NHacker Next
  • new
  • past
  • show
  • ask
  • show
  • jobs
  • submit
My first patch to the Linux kernel (pooladkhay.com)
monus 2 hours ago [-]
> You may wonder whether I tried asking an LLM for help or not. Well, I did. In fact it was very helpful in some tasks like summarizing kernel logs [^13] and extracting the gist of them. But when it came to debugging based on all the clues that were available, it concluded that my code didn't have any bugs, and that the CPU hardware was faulty.

This matches my experience whenever I do an unconventional or deep work like the article mentions. The engineers comfortable with this type of work will multiply their worth.

fonheponho 2 hours ago [-]
Everybody seems to be missing the forest for the trees on this.

There is absolutely no "sign extension" in the C standard (go ahead, search it). "Sign extension" is a feature of some assembly instructions on some architectures, but C has nothing to do with it.

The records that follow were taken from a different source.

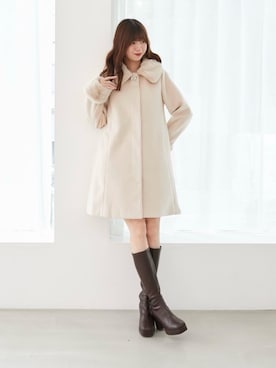 「アイテム（その他アウター、ピンク系）」を使った、hisaneさん（レディース・165cm）の秋コーディネート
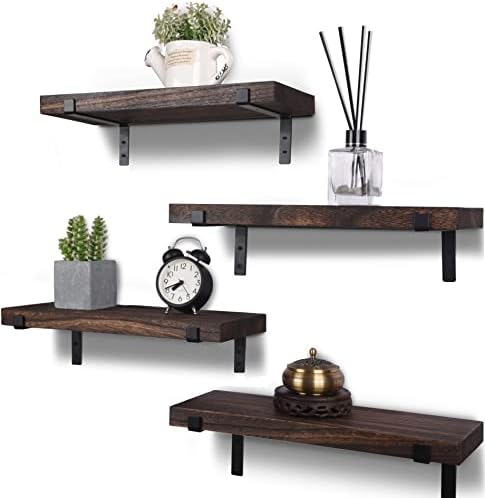 Rustic Wood Floating Shelves Dark Brown Set of 4
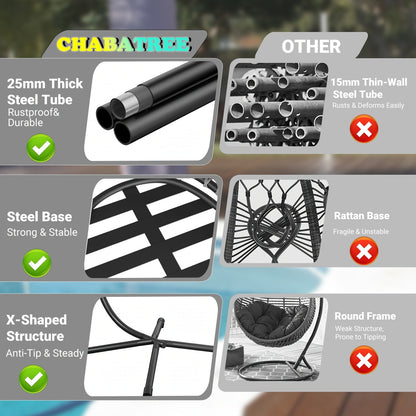 Outdoor Egg Chair with Stand Rattan Wicker Hanging Swing Hammock Chair Thickened Aluminum Frame UV-Resistant Cushion 350LBS Capacity Patio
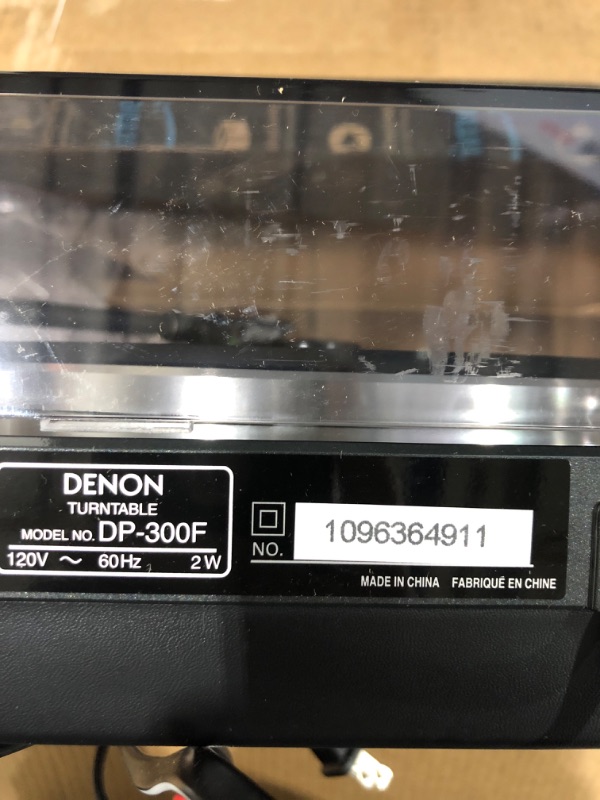 Photo 3 of **Parts Only** Non Functional**Denon DP-300F Fully Automatic Analog Turntable with Built-in Phono Equalizer | Unique Tonearm Design | Hologram Vibration Analysis | Slim Design

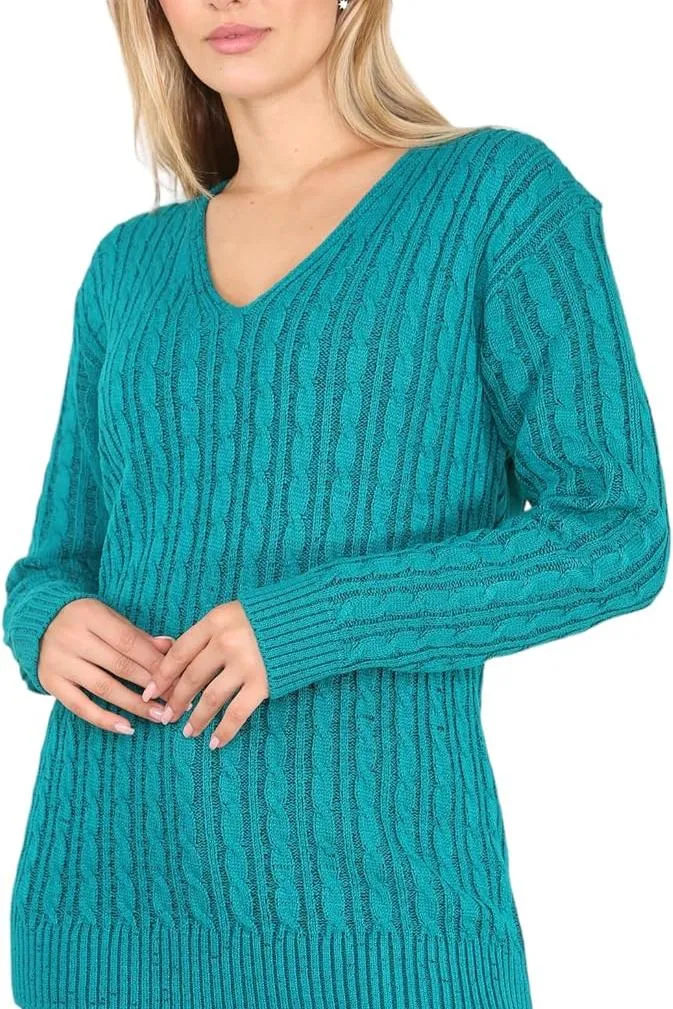 Plus Size Cable Knitted Sweater Top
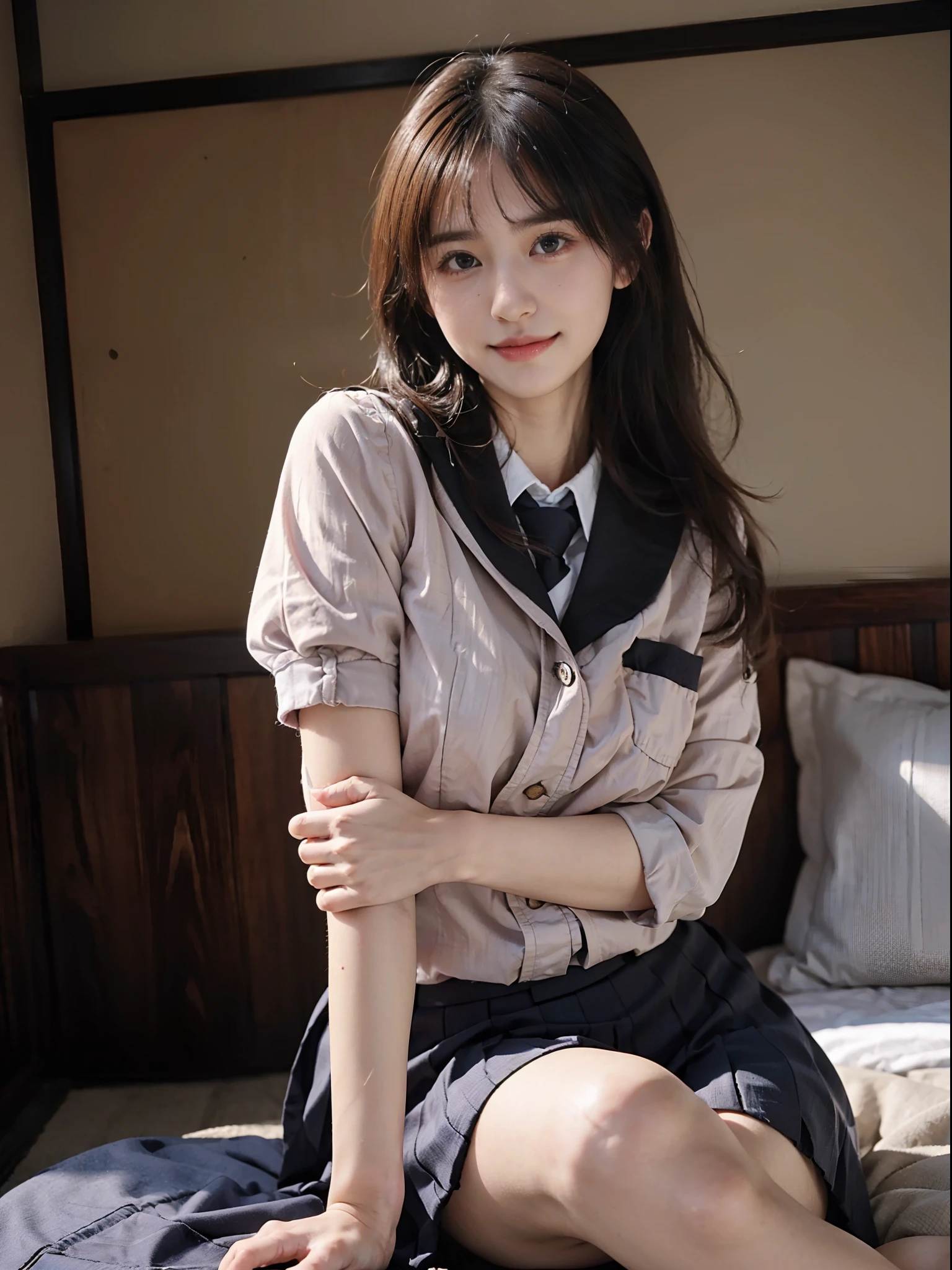 masutepiece, Best quality, japanaese girl, A smile、8K, RAW photo, top notch quality, masutepiece, NFFSW:1.2, Particularly detailed RAW color photos, Professional-grade photos, (Realistic, Photorealistic:1.37), (highly detailedskin:1.2), Ultra-high resolution, (Lenze 50 mm), (masutepiece, top-quality:1.3), (Ultra-detailed 8k CG:1.2), (hyper realisitc:1.35), (Photorealistic:1.45), (Realistic:1.4), Cowboy shot,
（（In a dimly lit room））1 Beautiful Japanese girl, age 22, super model, Japanese idol, __expression__, （Medium-sized round breasts）, (Sit on the sofa or bed1：1), (school uniform:1.4), The girl looks shy and shy，（Glasses with contoured faces）
Korean Idol、乃木坂アイドル、hposing Gravure Idol、Adults、女優（）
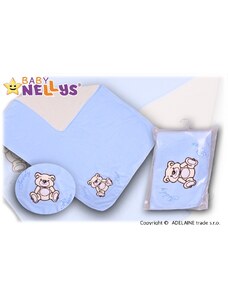 Baby nellys takaró / frottír takaró / bársony- teddy maci - világos kék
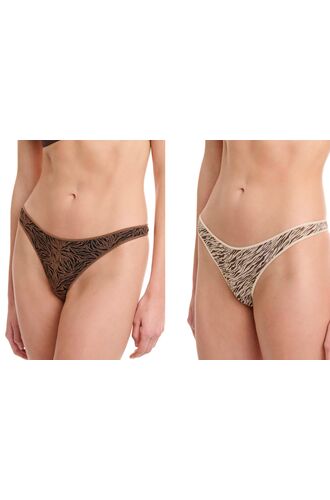 Γυναικείο String slip Walk - Multicolor - Ίνες bamboo - 2 pack - Regular Fit - Lycra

Citing integer promotion from the standard is justified, but it's just one part (perhaps even the smaller part) of the picture. The crucial bit is not quoted in the article: the specification of "Bitwise shift operators". Namely

> The integer promotions are performed on each of the operands. The type of the result is that of the promoted left operand. [...]

> The result of E1 << E2 is E1 left-shifted E2 bit positions; vacated bits are filled with zeros. If E1 has an unsigned type, the value of the result is E1×2^E2, reduced modulo one more than the maximum value representable in the result type. If E1 has a signed type and nonnegative value, and E1×2^E2 is representable in the result type, then that is the resulting value; otherwise, the behavior is undefined.

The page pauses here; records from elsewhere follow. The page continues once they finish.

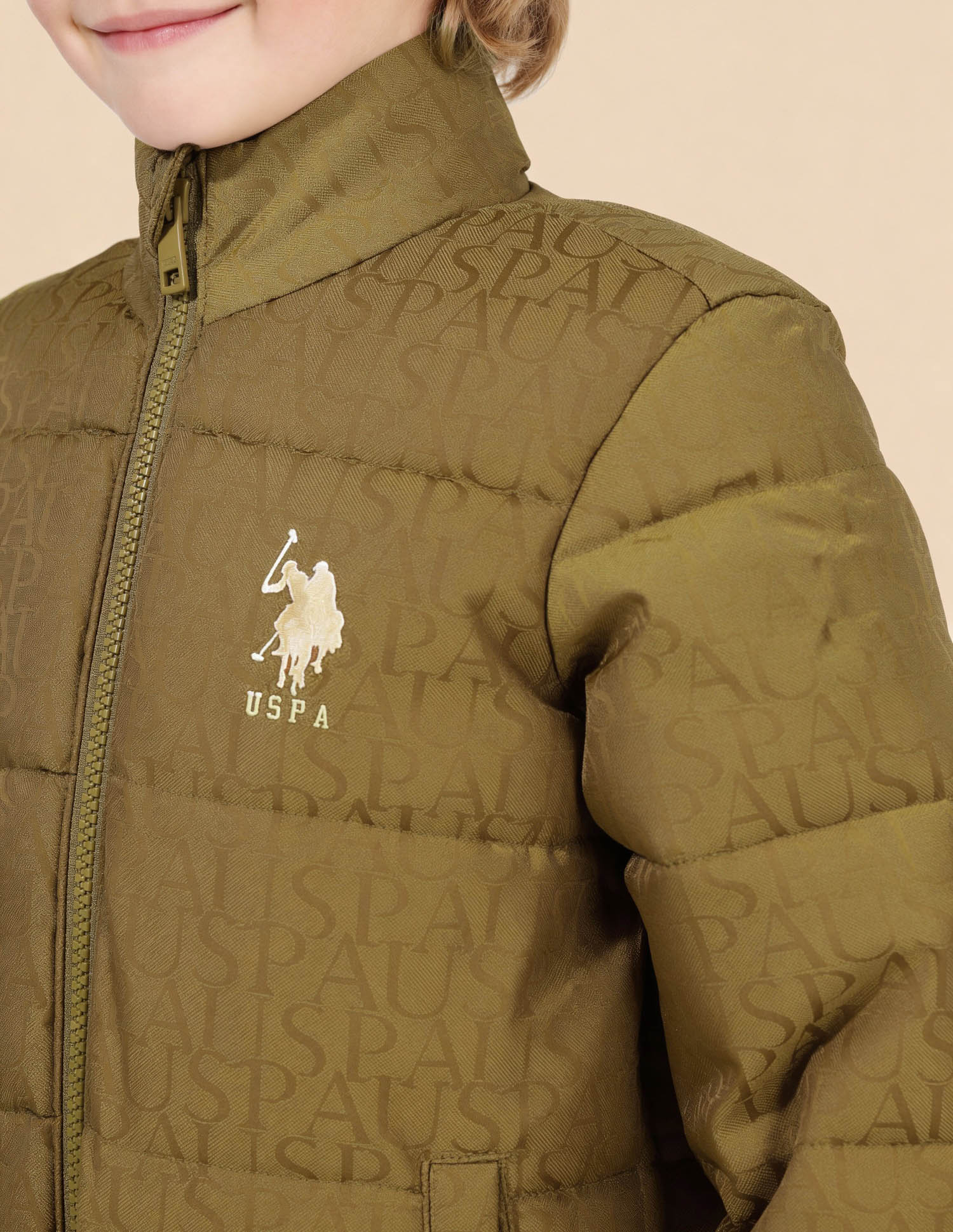 Boys Brand Printed Puffer Jacket - Image 6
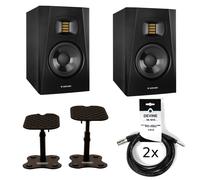 Adam T5V studio monitor set + stands + cables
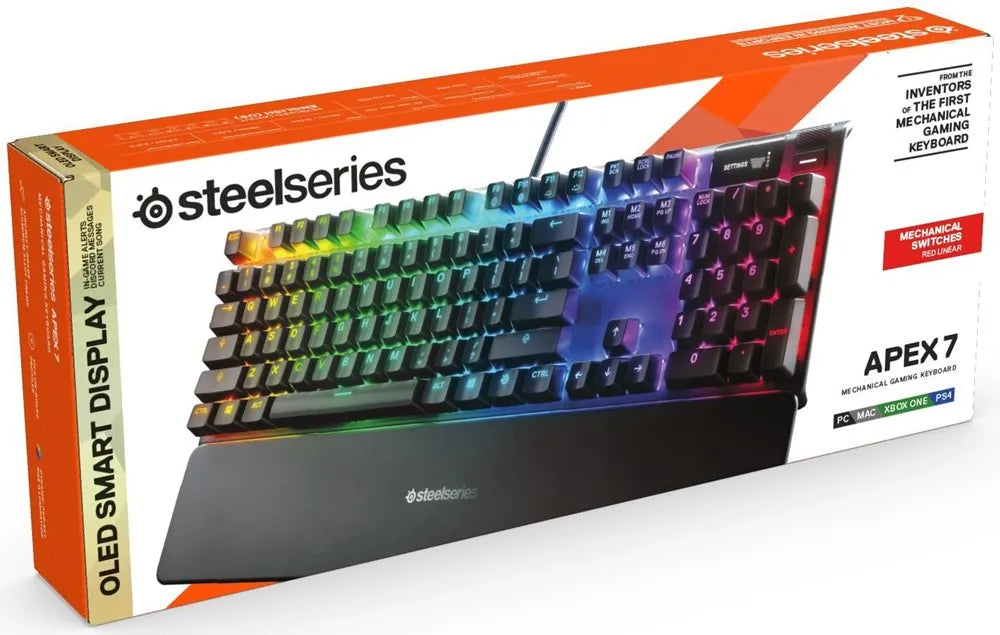 Mechaninė žaidimų klaviatūra SteelSeries Apex 7 QX2 Red Switch 64636 su LED apšvietimu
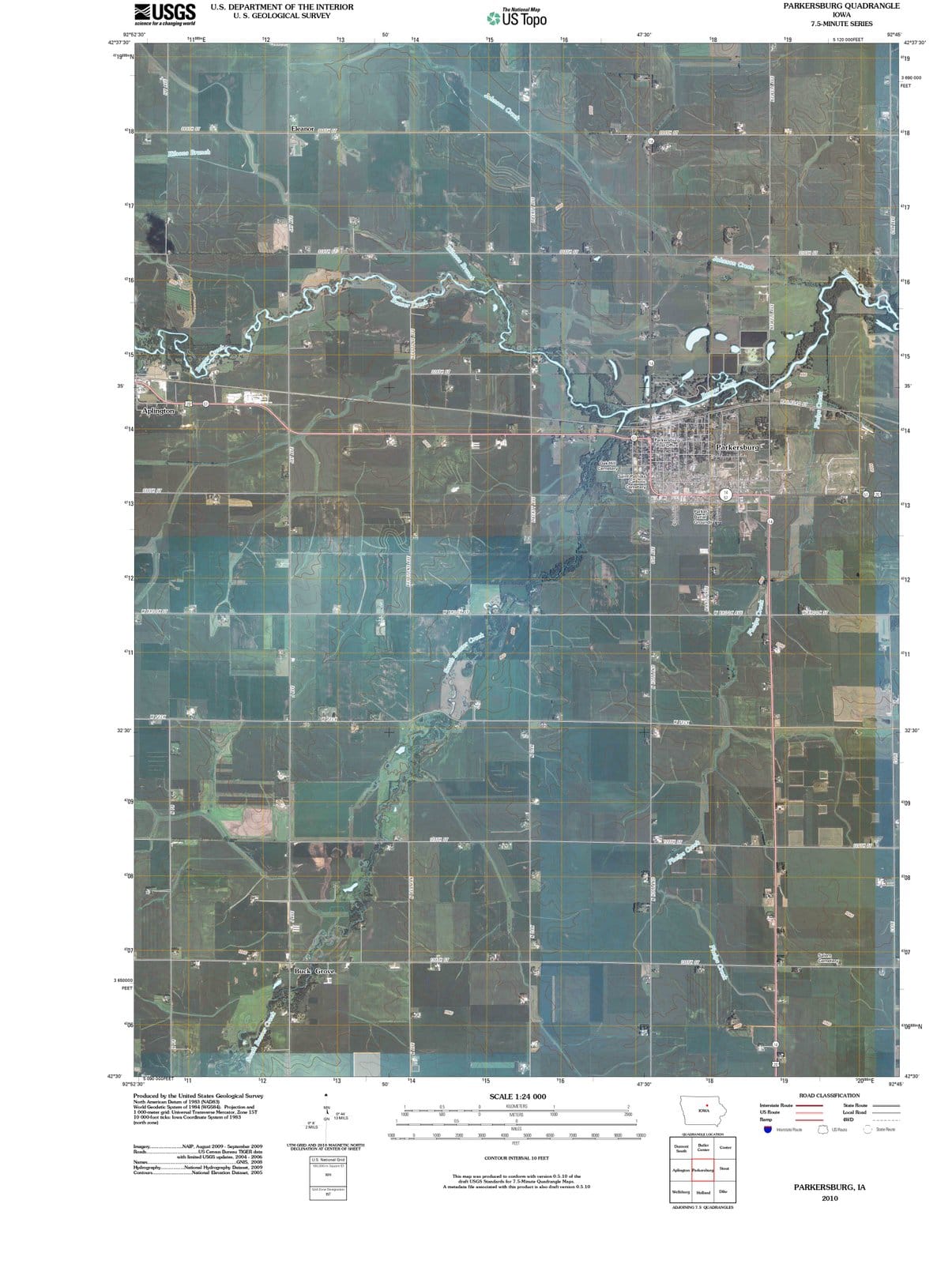 2010 Parkersburg, IA - Iowa - USGS Topographic Map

What happens here is that "base2" (of type uint8_t, which is "unsigned char" in this environment) gets promoted to "int", and then left-shifted by 24 bits. You get undefined behavior because, while "base2" (after promotion) has a signed type ("int") and nonnegative value, E1×2^E2 (i.e., base2 × 2^24) is NOT representable in the result type ("int").

What happens during the conversion to "uint64_t" afterwards is irrelevant; even the particulars of the sign bit of "int", and how you end up with a negative "int" from the shift, are irrelevant; you got your UB right inside the invalid left-shift. How said UB happens to materialize on this particular C implementation may perhaps be explained in terms of sign extension of the underlying ISA -- but do that separately; be absolutely clear about what is what.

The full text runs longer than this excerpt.